**The problem:** When you reach the line holding "Sandali piatti da" in the material below, return that line and each one after it, word for word, with the pictures dropped.

**Records shown:**
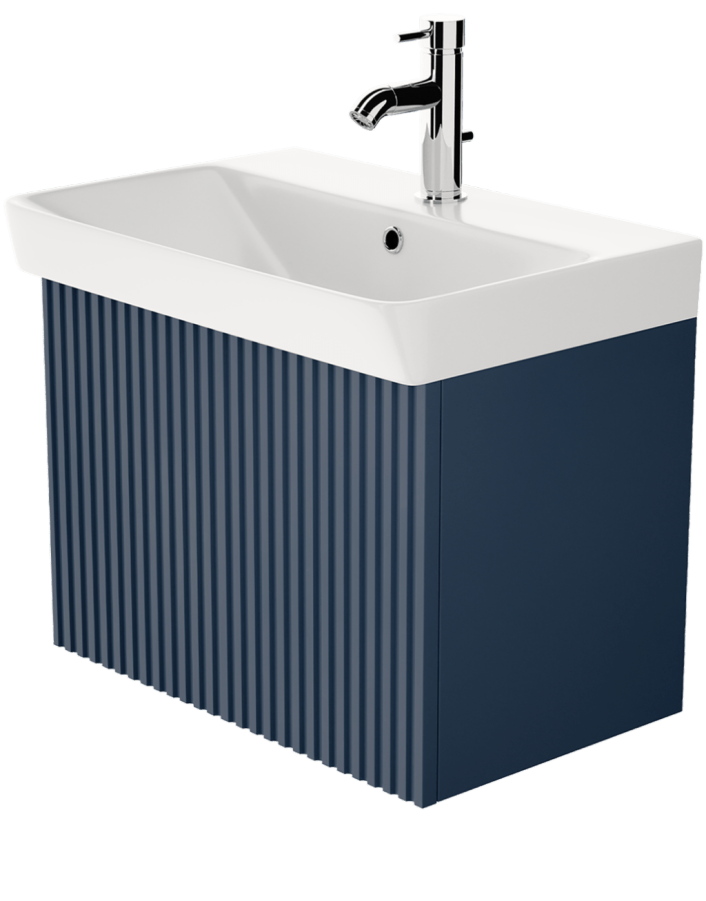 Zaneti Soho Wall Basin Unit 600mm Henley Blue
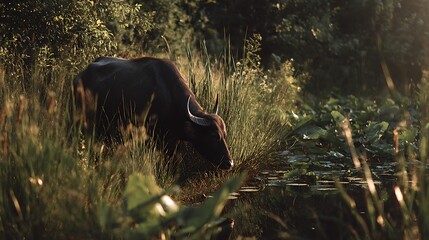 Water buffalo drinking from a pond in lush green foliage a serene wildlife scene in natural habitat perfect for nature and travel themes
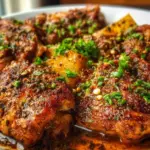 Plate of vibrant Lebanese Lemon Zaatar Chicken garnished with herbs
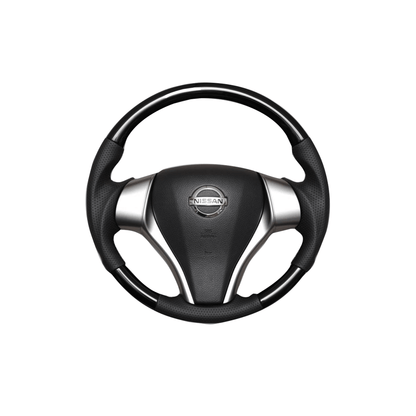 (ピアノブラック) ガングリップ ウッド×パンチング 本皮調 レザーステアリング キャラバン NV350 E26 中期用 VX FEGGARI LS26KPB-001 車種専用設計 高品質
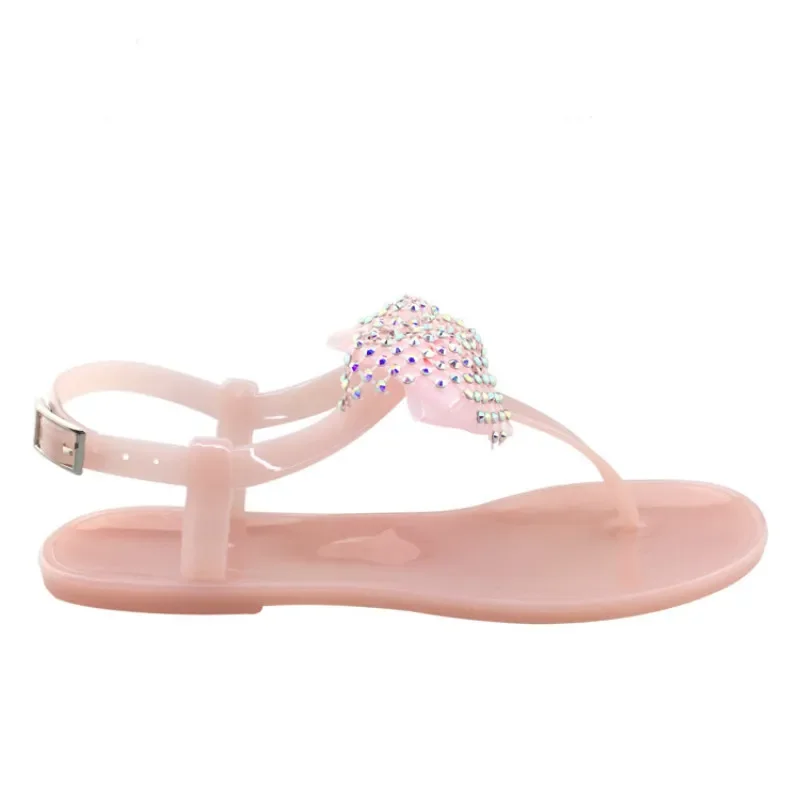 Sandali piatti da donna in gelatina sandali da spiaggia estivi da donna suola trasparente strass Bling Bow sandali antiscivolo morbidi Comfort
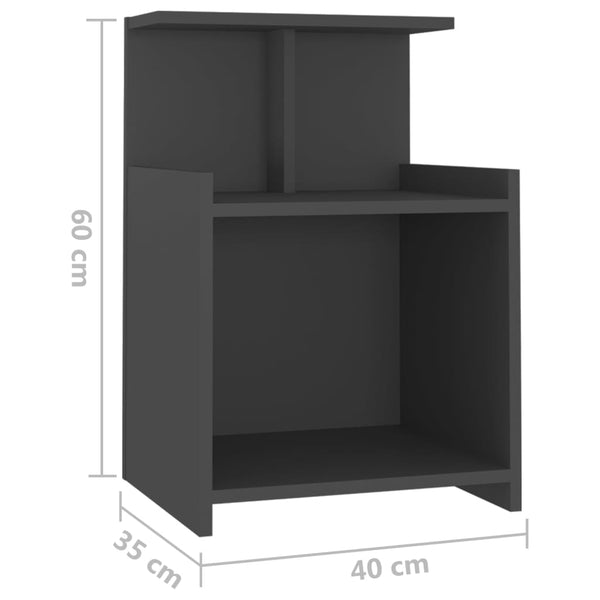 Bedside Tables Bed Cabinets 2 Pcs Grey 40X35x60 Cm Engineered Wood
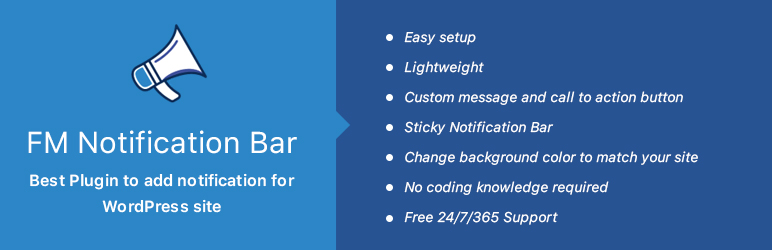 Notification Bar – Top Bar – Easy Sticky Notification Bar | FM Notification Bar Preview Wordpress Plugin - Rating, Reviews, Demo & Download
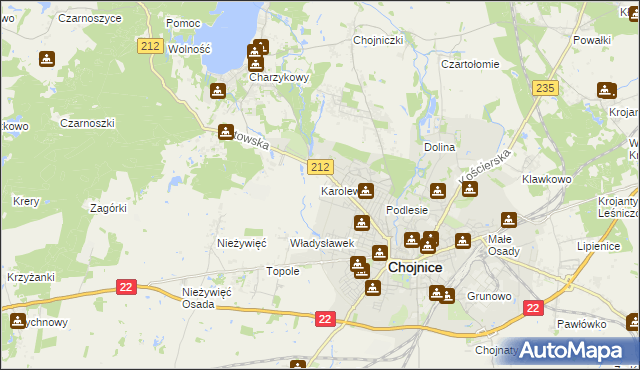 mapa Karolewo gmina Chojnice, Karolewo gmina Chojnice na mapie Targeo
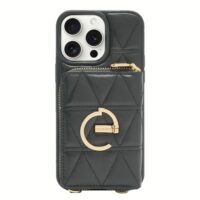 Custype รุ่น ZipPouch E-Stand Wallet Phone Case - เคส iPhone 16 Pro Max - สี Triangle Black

**Solution to the problem:**
 Sandali piatti da donna in gelatina sandali da spiaggia estivi da donna suola trasparente strass Bling Bow sandali antiscivolo morbidi Comfort
 Bedside Tables Bed Cabinets 2 Pcs Grey 40X35x60 Cm Engineered Wood
 Notification Bar – Top Bar – Easy Sticky Notification Bar | FM Notification Bar Preview Wordpress Plugin - Rating, Reviews, Demo & Download
 mapa Karolewo gmina Chojnice, Karolewo gmina Chojnice na mapie Targeo
 Custype รุ่น ZipPouch E-Stand Wallet Phone Case - เคส iPhone 16 Pro Max - สี Triangle Black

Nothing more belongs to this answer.